Terasa kian indah.  Menjadikan teks dan monolog orisinal dan sungguh suatu 
kreasi. Kenyataan ini membuat saya melihat bahwa  "kemajemukan", "kebhinnekaan" 
memang merupakan suatu rakhmat bagi bangsa dan negeri ini. Bahwa kebhinnekaan 
itu indah. Bahwa budaya lokal merupakan suatu sumber bersastra dan berkesenian 
tanpa diartikan sebagai suatu penyempitan model sektrarisme atau dogmatisme.   
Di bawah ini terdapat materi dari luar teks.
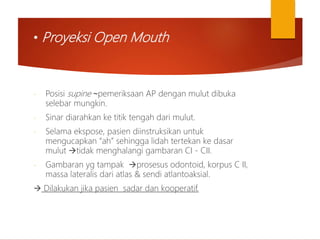 • Proyeksi Open Mouth
- Posisi supine ~pemeriksaan AP dengan mulut dibuka
selebar mungkin.
- Sinar diarahkan ke titik tengah dari mulut.
- Selama ekspose, pasien diinstruksikan untuk
mengucapkan “ah” sehingga lidah tertekan ke dasar
mulut tidak menghalangi gambaran CI - CII.
- Gambaran yg tampak prosesus odontoid, korpus C II,
massa lateralis dari atlas & sendi atlantoaksial.
 Dilakukan jika pasien sadar dan kooperatif.
 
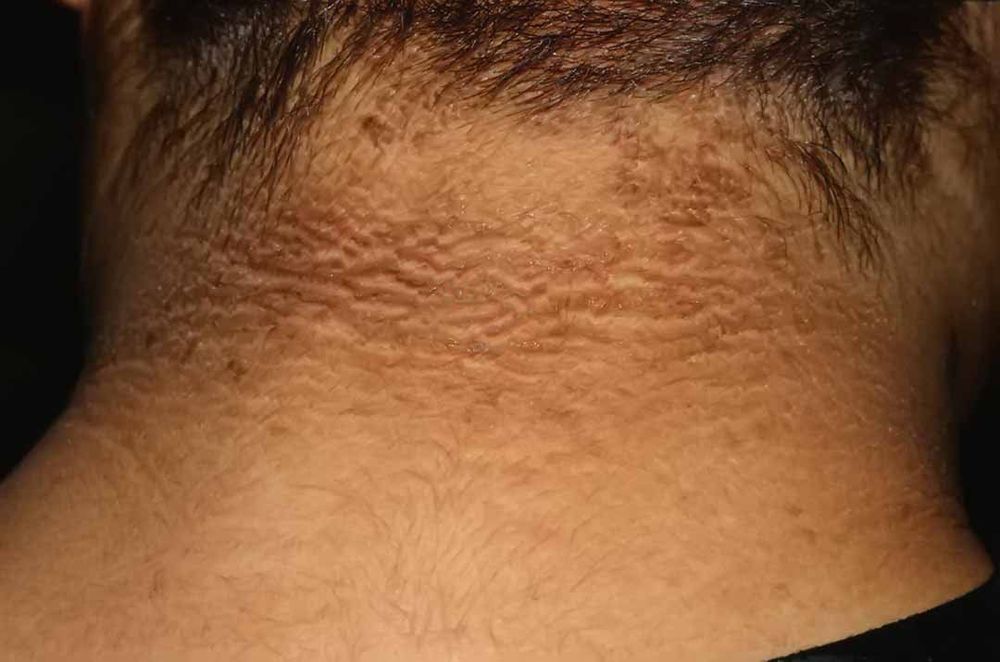 
Hình ảnh da của người bị tiểu đường mắc chứng gai đen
Kalau penglihatan saya tidak salah, sastra-seni kepulauan justru bergerak untuk 
mengeksplorasi makna  hakiki kemajemukan ini guna menciptakan sesuatu yang baru 
dengan warna lokal dan
 nilai universal. Universalitas menunjuk pada nilai, sedangkan lokalitas 
merupakan rambu lalulintas pengungkapan sebagai "bahasa berdialog dengan budaya 
lain", jika menggunakan istilah filosof Perancis, Paul Ricoeur. 
 
"Balada Sumarah" juga pernah digelarkan oleh Luna dalam Festival 
Nasional Monolog di TIM Jakarta. Tema cerita  memang masih sangat aktual dan 
kontekstual. Cerita ini bahkan boleh dikatakan sebagai salah satu cermin soal 
dari masyarakat kita dewasa ini. Dalam mengolah ulang dan mementaskan monolog 
ini , Luna tidak tergiring ke sloganisme dan atau pidato agitatif. Melalui 
aktingnya, Luna bahkan membuat pentasnya sangat komunikatif serta menyentuh  
sehingga pesan-pesan cerita jadi langsung menyusup ke hati penonton. 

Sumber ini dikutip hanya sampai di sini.